Decided March 8, 2010
- Full case name: Bloate v. United States
- Citations: 559 U.S. 196 (more)

Holding
- The time granted to prepare pretrial motions is not automatically excludable from the Speedy Trial Act's 70-day limit for bringing a case to trial. Such time may be excluded only when a district court grants a continuance based on appropriate findings under the act's subsection (h)(7).

Court membership
- Chief Justice John Roberts Associate Justices John P. Stevens · Antonin Scalia Anthony Kennedy · Clarence Thomas Ruth Bader Ginsburg · Stephen Breyer Samuel Alito · Sonia Sotomayor

Case opinions
- Majority: Thomas, joined by Roberts, Stevens, Scalia, Kennedy, Ginsburg, Sotomayor
- Concurrence: Ginsburg
- Dissent: Alito, joined by Breyer

Laws applied
- Speedy Trial Act of 1974

= Bloate v. United States =

Bloate v. United States, , was a United States Supreme Court case in which the court held that the time granted to prepare pretrial motions is not automatically excludable from the Speedy Trial Act's 70-day limit for bringing a case to trial. Such time may be excluded only when a district court grants a continuance based on appropriate findings under the act's subsection (h)(7).

==Background==

The Speedy Trial Act of 1974 (Act) requires a criminal defendant's trial to commence within 70 days of the indictment or initial appearance, and it entitles them to dismissal of the charges if that deadline is not met. Subsection (h)(1) of the act automatically excludes from the 70-day period "delay resulting from... proceedings concerning the defendant", and it separately permits a district court to exclude "delay resulting from a continuance" it grants, provided the court makes findings required by Subsection (h)(7) of the act.

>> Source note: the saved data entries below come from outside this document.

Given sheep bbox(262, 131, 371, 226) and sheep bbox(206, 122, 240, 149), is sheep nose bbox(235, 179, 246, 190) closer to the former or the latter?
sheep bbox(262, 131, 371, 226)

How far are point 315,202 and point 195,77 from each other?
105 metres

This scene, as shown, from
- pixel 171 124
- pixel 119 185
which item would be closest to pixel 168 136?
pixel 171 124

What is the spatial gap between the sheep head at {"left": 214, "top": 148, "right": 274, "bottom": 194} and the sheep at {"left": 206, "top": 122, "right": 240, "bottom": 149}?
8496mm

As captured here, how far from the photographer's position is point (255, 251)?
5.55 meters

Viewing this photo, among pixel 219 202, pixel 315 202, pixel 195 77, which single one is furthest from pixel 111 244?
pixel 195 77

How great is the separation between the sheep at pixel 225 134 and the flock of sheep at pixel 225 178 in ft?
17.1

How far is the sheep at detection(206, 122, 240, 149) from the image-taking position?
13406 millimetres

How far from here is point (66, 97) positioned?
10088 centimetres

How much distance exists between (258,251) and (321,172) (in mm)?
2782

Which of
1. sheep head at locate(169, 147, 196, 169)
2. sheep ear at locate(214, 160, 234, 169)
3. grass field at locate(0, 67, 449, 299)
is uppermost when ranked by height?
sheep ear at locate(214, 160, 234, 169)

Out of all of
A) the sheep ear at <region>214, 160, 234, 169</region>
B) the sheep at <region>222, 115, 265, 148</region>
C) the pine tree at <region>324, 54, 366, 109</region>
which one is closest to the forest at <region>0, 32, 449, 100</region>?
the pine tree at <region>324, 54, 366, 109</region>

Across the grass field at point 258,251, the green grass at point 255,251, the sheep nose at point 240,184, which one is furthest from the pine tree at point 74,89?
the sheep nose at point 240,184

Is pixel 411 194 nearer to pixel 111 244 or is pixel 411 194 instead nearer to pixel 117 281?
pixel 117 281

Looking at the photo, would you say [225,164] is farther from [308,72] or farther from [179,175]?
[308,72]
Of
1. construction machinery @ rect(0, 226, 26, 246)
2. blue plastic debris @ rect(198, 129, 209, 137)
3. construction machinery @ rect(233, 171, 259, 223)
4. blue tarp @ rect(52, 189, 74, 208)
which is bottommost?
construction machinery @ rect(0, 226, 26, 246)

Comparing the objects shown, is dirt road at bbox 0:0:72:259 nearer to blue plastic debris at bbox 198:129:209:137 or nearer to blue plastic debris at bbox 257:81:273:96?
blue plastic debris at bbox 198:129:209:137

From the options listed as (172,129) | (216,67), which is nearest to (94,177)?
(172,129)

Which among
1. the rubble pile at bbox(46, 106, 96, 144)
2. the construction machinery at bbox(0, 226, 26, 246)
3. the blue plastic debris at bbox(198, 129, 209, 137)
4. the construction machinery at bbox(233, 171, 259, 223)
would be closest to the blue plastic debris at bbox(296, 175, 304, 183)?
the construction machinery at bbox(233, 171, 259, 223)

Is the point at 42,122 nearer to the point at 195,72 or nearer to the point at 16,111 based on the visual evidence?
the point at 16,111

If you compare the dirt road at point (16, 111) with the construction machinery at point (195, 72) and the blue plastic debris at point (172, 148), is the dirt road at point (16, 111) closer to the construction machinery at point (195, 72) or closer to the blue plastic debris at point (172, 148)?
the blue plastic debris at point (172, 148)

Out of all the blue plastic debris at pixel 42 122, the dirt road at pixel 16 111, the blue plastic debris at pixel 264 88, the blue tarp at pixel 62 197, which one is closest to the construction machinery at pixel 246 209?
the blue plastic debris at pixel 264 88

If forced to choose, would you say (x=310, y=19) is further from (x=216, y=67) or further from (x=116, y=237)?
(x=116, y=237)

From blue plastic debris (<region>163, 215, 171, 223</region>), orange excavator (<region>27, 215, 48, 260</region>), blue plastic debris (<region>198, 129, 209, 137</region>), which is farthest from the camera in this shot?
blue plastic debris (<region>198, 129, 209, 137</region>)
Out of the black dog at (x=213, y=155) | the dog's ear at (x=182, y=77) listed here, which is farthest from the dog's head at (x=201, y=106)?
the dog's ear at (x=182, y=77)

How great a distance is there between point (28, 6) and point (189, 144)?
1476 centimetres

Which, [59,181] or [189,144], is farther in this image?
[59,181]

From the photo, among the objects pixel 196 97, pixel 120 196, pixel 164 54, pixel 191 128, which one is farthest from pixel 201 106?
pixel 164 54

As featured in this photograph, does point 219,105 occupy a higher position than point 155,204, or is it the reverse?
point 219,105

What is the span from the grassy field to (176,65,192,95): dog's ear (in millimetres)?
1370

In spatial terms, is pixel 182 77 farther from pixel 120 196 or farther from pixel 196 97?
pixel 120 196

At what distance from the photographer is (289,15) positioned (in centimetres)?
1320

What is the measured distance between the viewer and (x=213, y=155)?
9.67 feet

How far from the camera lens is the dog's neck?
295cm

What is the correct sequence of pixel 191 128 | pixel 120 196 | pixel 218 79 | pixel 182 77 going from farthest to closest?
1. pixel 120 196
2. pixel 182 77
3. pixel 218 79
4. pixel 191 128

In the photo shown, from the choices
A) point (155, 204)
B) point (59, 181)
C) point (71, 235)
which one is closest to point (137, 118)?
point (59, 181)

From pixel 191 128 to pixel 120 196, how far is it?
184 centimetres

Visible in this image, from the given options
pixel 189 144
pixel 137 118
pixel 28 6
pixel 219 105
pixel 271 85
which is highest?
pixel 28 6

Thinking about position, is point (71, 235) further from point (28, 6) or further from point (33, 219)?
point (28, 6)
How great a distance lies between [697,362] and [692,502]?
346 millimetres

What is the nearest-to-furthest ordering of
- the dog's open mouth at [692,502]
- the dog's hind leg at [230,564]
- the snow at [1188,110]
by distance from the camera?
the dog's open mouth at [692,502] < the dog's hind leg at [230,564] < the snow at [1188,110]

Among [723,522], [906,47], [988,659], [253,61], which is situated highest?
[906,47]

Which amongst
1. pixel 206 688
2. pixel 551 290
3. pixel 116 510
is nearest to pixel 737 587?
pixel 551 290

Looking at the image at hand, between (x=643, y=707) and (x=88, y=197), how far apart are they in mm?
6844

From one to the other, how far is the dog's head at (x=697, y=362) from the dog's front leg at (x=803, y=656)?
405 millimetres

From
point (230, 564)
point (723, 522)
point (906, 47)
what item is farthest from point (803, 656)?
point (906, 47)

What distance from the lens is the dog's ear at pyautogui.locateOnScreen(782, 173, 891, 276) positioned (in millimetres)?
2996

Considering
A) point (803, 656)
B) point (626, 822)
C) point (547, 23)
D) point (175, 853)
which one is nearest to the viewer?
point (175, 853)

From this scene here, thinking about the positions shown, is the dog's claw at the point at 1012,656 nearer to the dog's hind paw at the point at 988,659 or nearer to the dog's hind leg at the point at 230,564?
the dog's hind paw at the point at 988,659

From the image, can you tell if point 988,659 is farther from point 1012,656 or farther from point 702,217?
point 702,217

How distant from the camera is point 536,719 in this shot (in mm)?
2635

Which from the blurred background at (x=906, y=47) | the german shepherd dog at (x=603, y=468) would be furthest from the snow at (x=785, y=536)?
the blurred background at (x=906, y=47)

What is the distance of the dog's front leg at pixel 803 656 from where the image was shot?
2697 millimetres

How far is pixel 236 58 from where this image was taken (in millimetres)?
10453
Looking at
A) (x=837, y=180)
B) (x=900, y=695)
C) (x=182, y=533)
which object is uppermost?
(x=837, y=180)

Bloate's indictment on federal firearm and drug possession charges started the 70-day clock on August 24, 2006. After Bloate's arraignment, the Magistrate Judge ordered the parties to file pretrial motions by September 13. On September 7, the court granted Bloate's motion to extend that deadline. However, on the new due date, September 25, Bloate waived his right to file pretrial motions. On October 4, the Magistrate Judge found the waiver voluntary and intelligent. Over the next three months, Bloate's trial was delayed several times by both parties. On February 19, 2007—179 days after he was indicted—he moved to dismiss the indictment, claiming that the Act's 70-day limit had elapsed. In denying the motion, the federal District Court excluded the time from September 7 through October 4 as pretrial motion preparation time. At trial, Bloate was found guilty on both counts and sentenced to concurrent prison terms. The Eighth Circuit Court of Appeals affirmed the denial of the motion to dismiss, holding that the period from September 7 through October 4 was automatically excludable from the 70-day limit under subsection (h)(1).

==Opinion of the court==

The Supreme Court issued an opinion on March 8, 2010.